_ABOUT THIS TASK:_ Could you repeat every record exactly as it appears?
-.-.-
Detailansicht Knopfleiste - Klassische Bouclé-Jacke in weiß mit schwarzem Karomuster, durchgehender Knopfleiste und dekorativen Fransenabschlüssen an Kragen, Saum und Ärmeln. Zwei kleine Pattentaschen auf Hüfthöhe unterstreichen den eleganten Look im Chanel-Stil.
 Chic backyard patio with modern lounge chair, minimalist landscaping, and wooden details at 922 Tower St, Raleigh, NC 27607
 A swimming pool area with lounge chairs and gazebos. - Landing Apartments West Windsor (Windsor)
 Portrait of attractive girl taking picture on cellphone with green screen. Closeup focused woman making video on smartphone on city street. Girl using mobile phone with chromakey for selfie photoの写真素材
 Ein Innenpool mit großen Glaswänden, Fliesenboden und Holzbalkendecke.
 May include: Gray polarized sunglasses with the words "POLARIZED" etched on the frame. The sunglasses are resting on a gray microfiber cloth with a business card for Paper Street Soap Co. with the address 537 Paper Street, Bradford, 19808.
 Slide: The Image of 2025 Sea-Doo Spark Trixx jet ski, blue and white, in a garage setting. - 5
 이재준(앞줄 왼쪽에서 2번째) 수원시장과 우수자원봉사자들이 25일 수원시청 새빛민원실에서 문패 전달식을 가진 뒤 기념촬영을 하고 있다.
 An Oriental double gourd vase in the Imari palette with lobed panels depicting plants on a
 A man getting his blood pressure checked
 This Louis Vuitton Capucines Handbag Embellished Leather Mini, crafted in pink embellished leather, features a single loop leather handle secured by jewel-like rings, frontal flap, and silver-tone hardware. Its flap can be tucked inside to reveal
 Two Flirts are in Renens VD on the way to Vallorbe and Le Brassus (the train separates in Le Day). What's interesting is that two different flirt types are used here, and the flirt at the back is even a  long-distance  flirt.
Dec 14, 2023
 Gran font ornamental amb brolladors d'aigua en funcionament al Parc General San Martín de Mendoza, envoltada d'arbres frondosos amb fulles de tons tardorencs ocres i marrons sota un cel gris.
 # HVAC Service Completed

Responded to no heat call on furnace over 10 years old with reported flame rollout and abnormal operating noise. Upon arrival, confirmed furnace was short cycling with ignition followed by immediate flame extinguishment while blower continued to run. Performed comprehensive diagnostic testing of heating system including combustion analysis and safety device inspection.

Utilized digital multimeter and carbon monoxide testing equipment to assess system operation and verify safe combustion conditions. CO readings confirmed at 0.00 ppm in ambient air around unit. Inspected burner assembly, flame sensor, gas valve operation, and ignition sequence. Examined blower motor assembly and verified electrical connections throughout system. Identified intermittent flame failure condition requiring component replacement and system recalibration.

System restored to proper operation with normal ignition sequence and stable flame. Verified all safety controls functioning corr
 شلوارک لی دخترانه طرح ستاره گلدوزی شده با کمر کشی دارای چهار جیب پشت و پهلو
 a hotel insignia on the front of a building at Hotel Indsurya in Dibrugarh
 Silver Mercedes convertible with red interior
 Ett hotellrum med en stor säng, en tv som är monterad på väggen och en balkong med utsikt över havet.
-.-.-
_RESULT OF THE TASK:_
Detailansicht Knopfleiste - Klassische Bouclé-Jacke in weiß mit schwarzem Karomuster, durchgehender Knopfleiste und dekorativen Fransenabschlüssen an Kragen, Saum und Ärmeln. Zwei kleine Pattentaschen auf Hüfthöhe unterstreichen den eleganten Look im Chanel-Stil.
 Chic backyard patio with modern lounge chair, minimalist landscaping, and wooden details at 922 Tower St, Raleigh, NC 27607
 A swimming pool area with lounge chairs and gazebos. - Landing Apartments West Windsor (Windsor)
 Portrait of attractive girl taking picture on cellphone with green screen. Closeup focused woman making video on smartphone on city street. Girl using mobile phone with chromakey for selfie photoの写真素材
 Ein Innenpool mit großen Glaswänden, Fliesenboden und Holzbalkendecke.
 May include: Gray polarized sunglasses with the words "POLARIZED" etched on the frame. The sunglasses are resting on a gray microfiber cloth with a business card for Paper Street Soap Co. with the address 537 Paper Street, Bradford, 19808.
 Slide: The Image of 2025 Sea-Doo Spark Trixx jet ski, blue and white, in a garage setting. - 5
 이재준(앞줄 왼쪽에서 2번째) 수원시장과 우수자원봉사자들이 25일 수원시청 새빛민원실에서 문패 전달식을 가진 뒤 기념촬영을 하고 있다.
 An Oriental double gourd vase in the Imari palette with lobed panels depicting plants on a
 A man getting his blood pressure checked
 This Louis Vuitton Capucines Handbag Embellished Leather Mini, crafted in pink embellished leather, features a single loop leather handle secured by jewel-like rings, frontal flap, and silver-tone hardware. Its flap can be tucked inside to reveal
 Two Flirts are in Renens VD on the way to Vallorbe and Le Brassus (the train separates in Le Day). What's interesting is that two different flirt types are used here, and the flirt at the back is even a  long-distance  flirt.
Dec 14, 2023
 Gran font ornamental amb brolladors d'aigua en funcionament al Parc General San Martín de Mendoza, envoltada d'arbres frondosos amb fulles de tons tardorencs ocres i marrons sota un cel gris.
 # HVAC Service Completed

Responded to no heat call on furnace over 10 years old with reported flame rollout and abnormal operating noise. Upon arrival, confirmed furnace was short cycling with ignition followed by immediate flame extinguishment while blower continued to run. Performed comprehensive diagnostic testing of heating system including combustion analysis and safety device inspection.

Utilized digital multimeter and carbon monoxide testing equipment to assess system operation and verify safe combustion conditions. CO readings confirmed at 0.00 ppm in ambient air around unit. Inspected burner assembly, flame sensor, gas valve operation, and ignition sequence. Examined blower motor assembly and verified electrical connections throughout system. Identified intermittent flame failure condition requiring component replacement and system recalibration.

System restored to proper operation with normal ignition sequence and stable flame. Verified all safety controls functioning corr
 شلوارک لی دخترانه طرح ستاره گلدوزی شده با کمر کشی دارای چهار جیب پشت و پهلو
 a hotel insignia on the front of a building at Hotel Indsurya in Dibrugarh
 Silver Mercedes convertible with red interior
 Ett hotellrum med en stor säng, en tv som är monterad på väggen och en balkong med utsikt över havet.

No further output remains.